Focus on Rupiah Stability
Governor Perry Warjiyo emphasized in an online press conference that the rate decision aims to support the rupiah amid heightened global market volatility. He added that the central bank continues to monitor economic conditions carefully to determine whether there is scope for further monetary easing.
The Indonesian rupiah has been among the weakest currencies in emerging Asia against the U.S. dollar this year. To strengthen the currency, the government plans to modify export earnings retention rules, requiring exporters to keep more of their U.S. dollars onshore, starting next year. This strategy is designed to increase domestic dollar liquidity and help stabilize the rupiah.
Economic Outlook and Inflation Targets
Bank Indonesia forecasts economic growth of 4.9% to 5.7% in 2026, slightly above the projected 4.7% to 5.5% growth for 2025.
Inflation has remained within the central bank’s target range of 1.5% to 3.5%, with November figures reported at 2.72%. BI expects inflation to remain anchored within this range next year, allowing for policy stability while providing flexibility to adjust if economic conditions change.
Implications for Investors and Markets
The decision to maintain policy rates suggests a balanced monetary strategy by Bank Indonesia, aiming to:
- Support economic growth without destabilizing the currency,
- Manage inflation expectations, and
- Provide market certainty amid global financial volatility.

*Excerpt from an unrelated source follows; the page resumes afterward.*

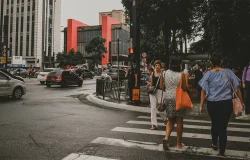 Semáforo inteligente da USP promete travessias mais rápidas e seguras para pedestres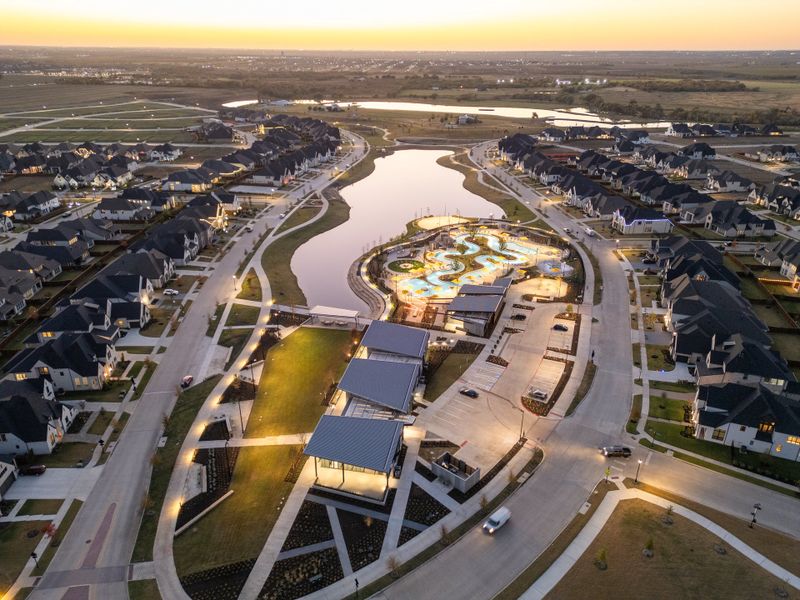 Mosaic Aerial View of Amenities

Analysts note that BI’s cautious stance is likely to reassure international investors and help maintain stability in both foreign exchange and capital markets in Indonesia.
Conclusion
Bank Indonesia’s decision to keep its policy rates steady reflects a prudent approach to monetary policy, balancing the need for economic growth with currency stability. The central bank’s continued monitoring of inflation and the rupiah’s performance indicates readiness to act if conditions warrant, signaling strong institutional credibility in Indonesia’s financial system.